September 4th - I forgot my camera today, so instead I grabbed it and my little tripod when I had to run a late evening errand. It was quite still in Brownhills this evening, and there were few people around.
I am fascinated by the new white LED streetlights the council are installing in some places. Unlike the ones in Birmingham, these seem much brighter and clearer than the sodium ones they replace, and the cold white light the spread is somewhat otherworldly, particularly on street corners where old and new technologies overlap.
At the Pier Street bridge, I was fascinated by the lights shining off the surface of the canal, something I’d forgotten in the light days of a summer now passed.
Now autumn is upon us, I must sharpen up my night photography techniques.
April 27th - I was working throughout the day, and only got out late evening. It was threatening rain, and dusk was bearing down. I then realised I’d forgotten the camera, so had to use my phone. It didn’t really like the light, I think.
Nice to see that in the last week my favourite tree - the lone horse chestnut near Home Farm, Sandhills, has burst into leaf; I read the seasons by that tree, and now I know safe passage to summer is guaranteed. The canal all the way round to Newtown (and probably well beyond) is lush, and green, and beautiful. How I love this season.
Cruising up Short Street, I spotted the sky, and shot home before I got soaked. Interesting to note, though, that the street lights here have been changed for new LED ones; they’re very good, and are creeping onto many streets in Brownhills. Wonder what the rollout plan is?
So much nicer than the old orange ones.
December 11th - Taking a short cut through the Butts (no sniggering at the back), I noticed that Eastbourne Street has had it’s street lighting changed to LED technology. These lights are cool white rather than the customary yellow, and run much more efficiently and at lower power than sodium discharge types. Birmingham has being undertaking a rolling program of installing this type of lighting for a year or two now.
They’re a shock at first, but I prefer them. Although they look dimmer, their illumination is actually great, and I find they don’t cause the glare that the older types do.
The eerie effect on the urban scene is also rather wonderful.
January 7th - Talking of technology I’ve been interested to note of late that Birmingham Council - or rather, contractors working for them - are replacing street lighting on side routes with modern, low energy LED lights. I’ve been using LED lights on my bike for four or five years now, and they’ve improved massively. The lights being installed are an unexpected design, and seem to work really well. They give off a harsh, but clear white light. Interestingly tonight, when I left at 4:30, they were only just coming on, so the days are already lengthening considerably.

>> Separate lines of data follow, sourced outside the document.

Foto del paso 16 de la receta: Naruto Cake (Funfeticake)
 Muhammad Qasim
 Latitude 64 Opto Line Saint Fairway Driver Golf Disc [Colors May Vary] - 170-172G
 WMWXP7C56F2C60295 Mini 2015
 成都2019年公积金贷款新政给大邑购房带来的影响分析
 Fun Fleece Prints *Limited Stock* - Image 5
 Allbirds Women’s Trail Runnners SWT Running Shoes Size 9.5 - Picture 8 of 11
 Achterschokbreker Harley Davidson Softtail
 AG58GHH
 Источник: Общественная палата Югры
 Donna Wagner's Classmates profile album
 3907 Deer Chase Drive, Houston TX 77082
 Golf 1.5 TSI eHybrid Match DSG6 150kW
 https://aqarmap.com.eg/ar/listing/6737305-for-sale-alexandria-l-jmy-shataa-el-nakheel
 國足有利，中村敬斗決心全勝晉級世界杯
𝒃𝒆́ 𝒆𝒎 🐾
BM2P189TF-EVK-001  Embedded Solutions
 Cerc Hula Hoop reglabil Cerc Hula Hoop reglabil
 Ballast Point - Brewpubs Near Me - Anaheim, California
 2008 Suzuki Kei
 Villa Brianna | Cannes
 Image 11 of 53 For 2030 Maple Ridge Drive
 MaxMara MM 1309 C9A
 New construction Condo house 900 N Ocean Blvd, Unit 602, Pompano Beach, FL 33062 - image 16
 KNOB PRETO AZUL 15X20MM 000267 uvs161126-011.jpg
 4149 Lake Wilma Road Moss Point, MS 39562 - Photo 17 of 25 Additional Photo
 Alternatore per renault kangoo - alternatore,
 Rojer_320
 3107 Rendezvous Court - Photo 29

November 17th - Winter, cycling in darkness. I really can’t stress this enough, but lights, folks, lights. Lights are about being seen - creating a moving point of highlight in a dark world. In an urban environment, that’s all you need: to this end cheap LED blinkies and such are perfectly adequate. In rural environments, and for moving at speed off road in the dark, good forward illumination is essential. The better the light, the sooner you see hazards, the faster you can potentially go. I use an LED light by Hope, of Barnoldswick in the UK; it’s their flagship R4 model, and is very bright indeed. This is a non-assisted photo and shows the light spread on a medium setting. I have a very bright rear light from the same company. I love Hope’s stuff. They keep me safe at night.